For more than a decade, Avary has continued to tour and release music regularly. In 2016, he shared Zoetic, which presented a shift in sound and sonic rebirth. Created in Los Angeles, he describes Zoetic as “kind of a city, really aggressive, kind of urban-ish rock record” with industrial elements. But as someone who’s “really inspired and affected by my surroundings,” for the follow-up, he left Los Angeles for a cabin in rural Sunset, Texas. A single, “Gone Too Long,” was released in 2017 as the first effort from his time in Texas; now, Avary has announced The Rocket Summer’s seventh studio album, Sweet Shivers, to be released August 2.

The Rocket Summer - Sweet Shivers

Since the album’s announcement in late May, Avary has had a packed schedule gearing up for the release. The album announcement came along with a single, “Shatter Us”; he’s since shot a music video for the song and announced a fall tour. “We’re kinda in that zone where every day there’s something kind of significant happening,” he says, reflecting on all the current action. Although the tour won’t be kicking off till September, Avary is eager to get on the road. Discussing his excitement to tour, he shares that making music is about something that’s “so much bigger than me… I don’t feel like it’s about me or my songs, I feel like it’s about a thing, it’s about an experience that goes beyond anything that I did, and I love living in that.”

Below, Substream spoke with Avary about Sweet Shivers: heading to Texas to write, making a record that is both intimate and larger-than-life, and more.

SUBSTREAM: You just announced the album Sweet Shivers, and I was going to ask if you were the type where everything was done by the time it was announced, or there’s still a lot that is happening – and it sounds like every day, there’s a lot going on.

BA: Yeah. I mean certainly a lot is done before we pulled the trigger on the announcement of the new album and everything; we’re putting out a music video for “Shatter Us” – that’s the song that we put out on Friday…. We have a tour planned we’re announcing next week… Quite a lot is going on, but it definitely doesn’t change the reality of things still needing to happen pretty much up until everything’s over. Pretty much when we get off the tour in October or whatever, it’ll be like – “okay, were we good on all that?”

SUBSTREAM: When you get off a tour after you put out an album, historically, have you been one to take some time to breathe, take time to relax, do whatever life stuff, or do you tend to launch right into the next thing?

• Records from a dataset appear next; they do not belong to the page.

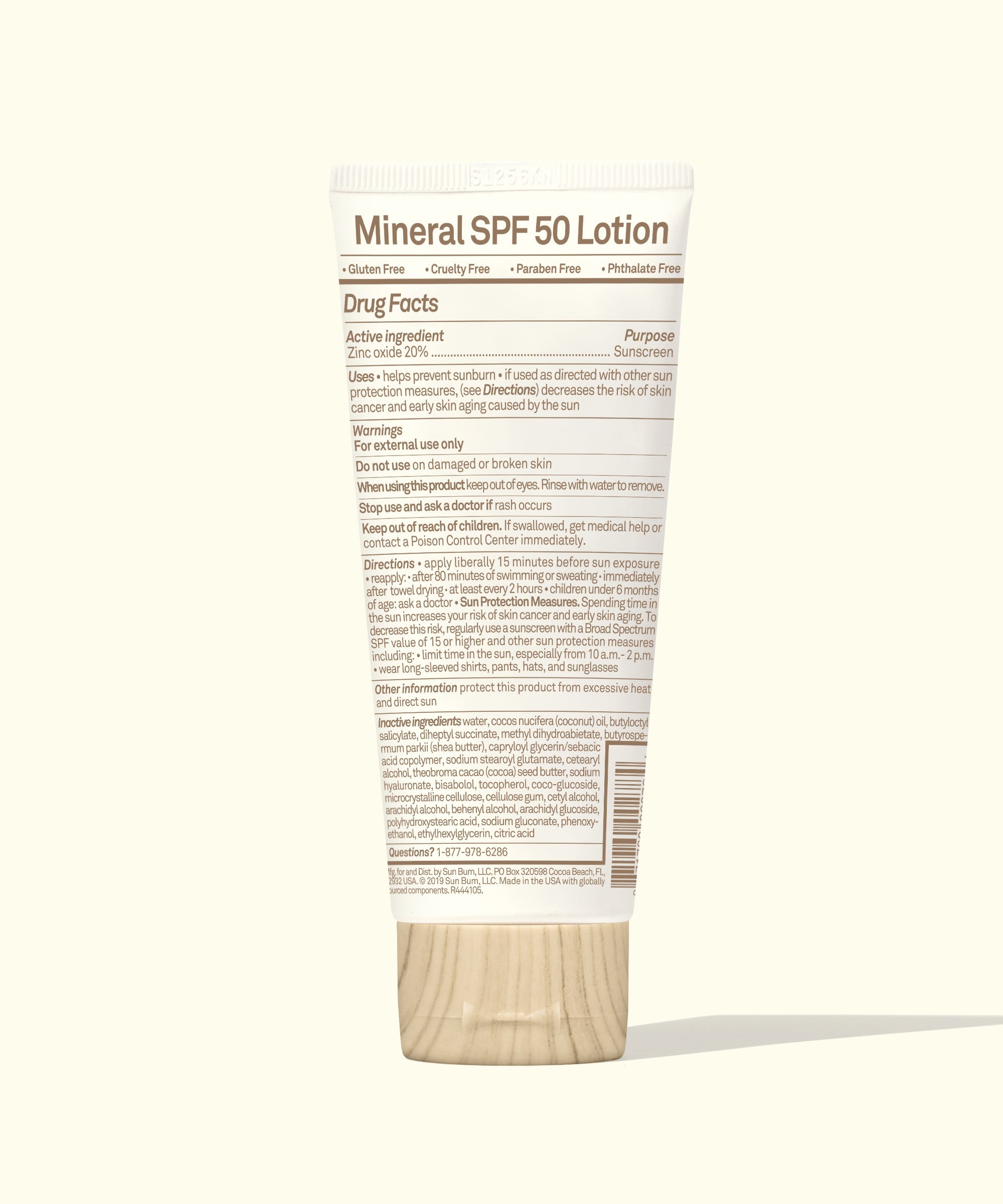 White sunscreen lotion tube with wooden cap showing back label with SPF 50 details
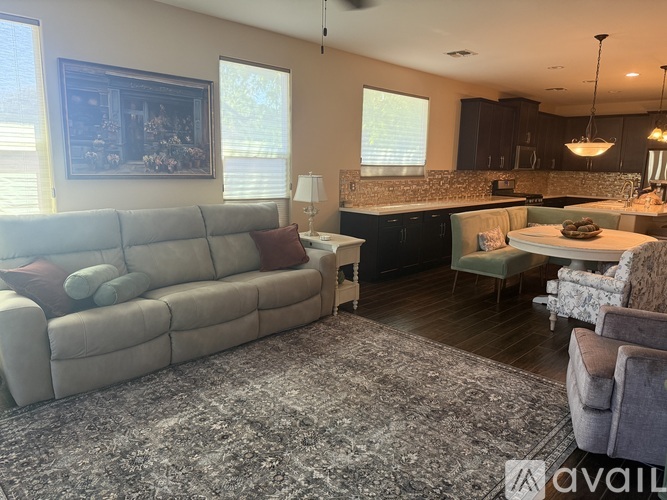 A living room with a grey couch and a painting on the wall.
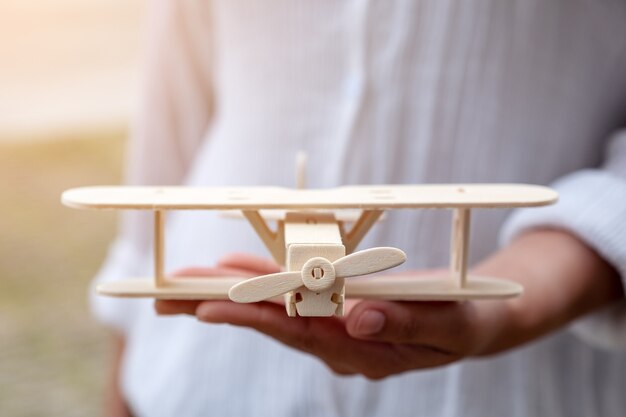 Closeup image of a woman holding and showing a wooden airplane in her hand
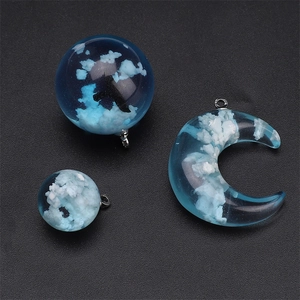 Detailed view of resin moon and bead charms with blue sky and white cloud patterns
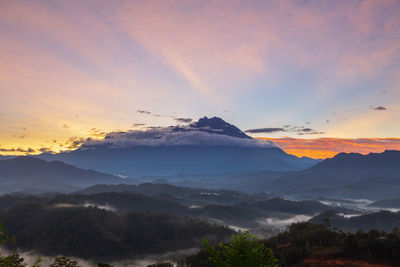 Scenic view of mountains against dramatic sky during sunset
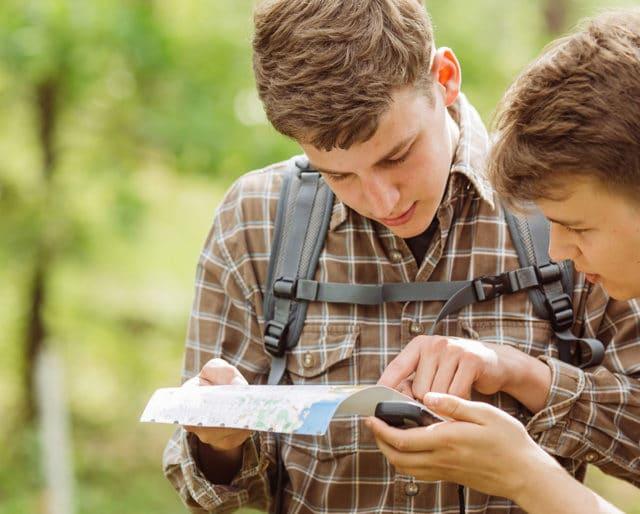 Two teen boys studying a map. 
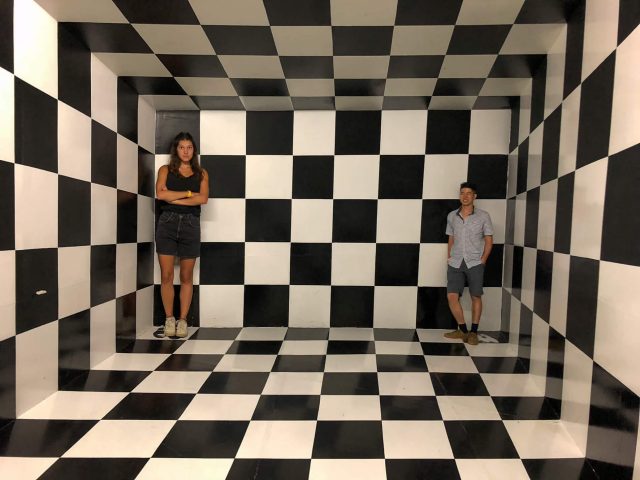 A woman and a man in a black and white checkered room like an optical illusion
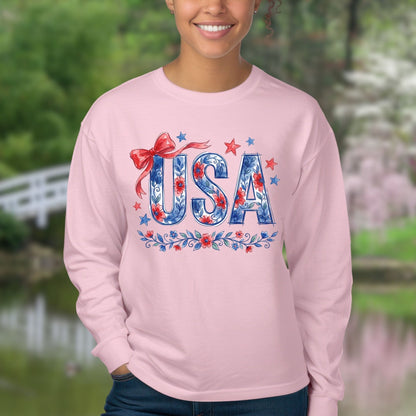 Pink long-sleeve tee with a hand-drawn USA floral flag graphic, red bow, and blue stars.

BA: No. I mean normally there’s a human reality of needing to breathe for a second, but no, I actually really love diving into the studio directly after a tour. In the studio, it’s such a drastically different vibe for me. I’m really isolated, and I like being that way a lot of the time, but it’s obviously a black and white different experience from the high electric vibe of a show every night, where everyone in the room is singing along to these songs, and you can feel the collective heartbeat in the room. And so, it’s funny you mention that because the last tour we did was kind of the beginning of what became Sweet Shivers, which was a much longer process than I was anticipating.

SUBSTREAM: Really?

BA: I had moved my studio into a cabin in this place called Sunset, Texas, which is a very, very, very rural part of town. I would drive thirty minutes every day to get a Starbucks coffee and a taco from Taco Bell. Taco Bell became a delicacy to me, which I never really ate Taco Bell but I just really fell in love with it at this time. Anyway, so we went on this tour in the summer, and during that time, I had been in the cabin for a little while where a lot of these songs started. I wrote and recorded a song called “Gone Too Long” that we released during that time…. When we had a day off, I was looking around online, and we found this studio in Denton [that] was maybe 45 minutes from where this cabin was, and I just decided I wanted to get back into a little bit more of being around existence of human life. I remember I literally jumped off of the bus and got in my car, which I hadn’t been in for like two months, and I just drove straight to the studio to check it out. I still had my suitcase and everything…. It was this band called Midlake’s old studio, and they had moved out, and so I moved right in, and that was kind of the second beginning of this album. So yeah – long story long, I don’t like to take too many breaks.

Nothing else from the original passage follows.